Deep below Virginia’s Shenandoah Valley is an underground world of extraordinary wonder. Hidden from the land above but open for all to see, Luray Caverns is adorned with Mother Nature’s creativity—and she’s been playing interior decorator for more than 4 million centuries. Step into the cave for an amazing adventure of discovery. The all-natural exhibits are sights to behold.
Your journey takes place on a paved, well-lit walkway that meanders 1.25 miles through the caverns. One of the first things you’ll notice is the temperature. Luray Caverns remains at a constant 54 degrees year round. And the breathtaking scenery surrounds you from every direction.
Underground Natural Wonders
Above you, stalactites hold tightly to the limestone ceiling. These hanging wonders began forming millions of years ago when rainwater seeping through cracks in sedimentary rocks picked up decaying organic vegetation and calcium carbonate. Upon entering the cave, the moist mixture emitted carbon dioxide, causing a reaction in which lime precipitation crystallized into calcite. The stalactites continue to grow at a rate of one cubic inch every 120 years.
Like their clingy fellow cavern dwellers above, stalagmites form as a result of dripping minerals inside the cave. The major difference is that these formations begin as mounds and ridges, rising from the cave’s floor like majestic mountains. Given enough time, stalactites and stalagmites can grow into each other. When the two structures meet, they form pillars and columns.
Enter Giant’s Hall and you’ll understand why the National Park Service and Department of the Interior designated Luray Caverns a Registered National Landmark. The vast chambers of this section are made up of massive stone columns, sturdy draperies of shiny rocks and pools of sparkling water. One of the hall’s most impressive structures is the Double Column. Soaring to a height of 47 feet, the column is the record holder for tallest object inside the caverns. This monolithic marvel resulted from years and years and millions of more years of dripping stalactites and accumulating stalagmites growing into one singular formation.
Gaze into Mirror Lake and get lost in this dreamy body of water. Though no more than 18 to 20 inches deep, the depth of its beauty is almost unfathomable. Shimmering from the lake’s surface is a myriad of stunning reflections. You’ll definitely see the awe-inspiring formations and stalactites from above in a whole new way. Other notable landmarks inside this beautifully bizarre place where mysterious irregularities and misshapen patterns are commonplace include the sculpted trophies of Totem Path and the flowing translucent stone drapes of Saracen’s Tent. Be sure to keep your ears open, too. Musicians play seasonal tunes deep within the caverns on Stalacpipe Organ, the largest musical instrument in the world.

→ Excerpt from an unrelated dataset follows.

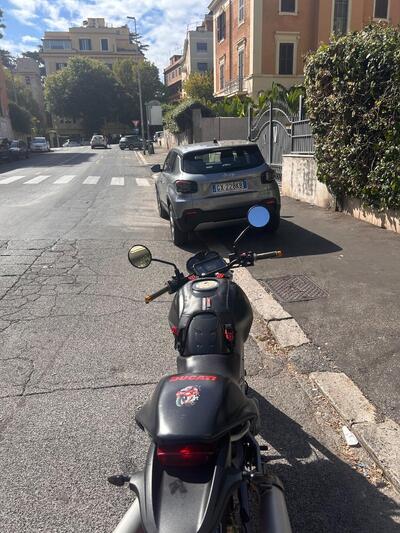 Ducati Monster 600 Dark (2002) usata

Turn back the pages of time at the Luray Valley Museum for a day of educational discovery and exploration. Your journey gets underway at the Stonyman building, a log home with close to 300 artifacts on display—and a detailed history of the Shenandoah Valley from the 1750s through the 1920s. Travel across a 19th century farming community spanning seven acres en route to the 1835 home of the very first delegate to the Virginia General Assembly. Learn about the single-room Hamburg Regular School, the oldest surviving in Virginia and one of the first to enroll African-American children. The walls of the Elk Run Dunkard Church might not talk, but they have a lot to see. Stop by and view the actual signatures of Union and Confederate soldiers that were etched into the sides of this place of worship.
Interested in cars, history and masterfully crafted sheets of metal? Then cruise through the Car and Carriage Caravan Museum at Luray Caverns. The prized auto in this motorized collection is a Mercedes-Benz from 1892—and it’s still fully functional. Get a charge out of seeing the 1908 Baker Electric then stand in awe of silent film star Rudolph Valentino’s souped-up 1925 Rolls Royce.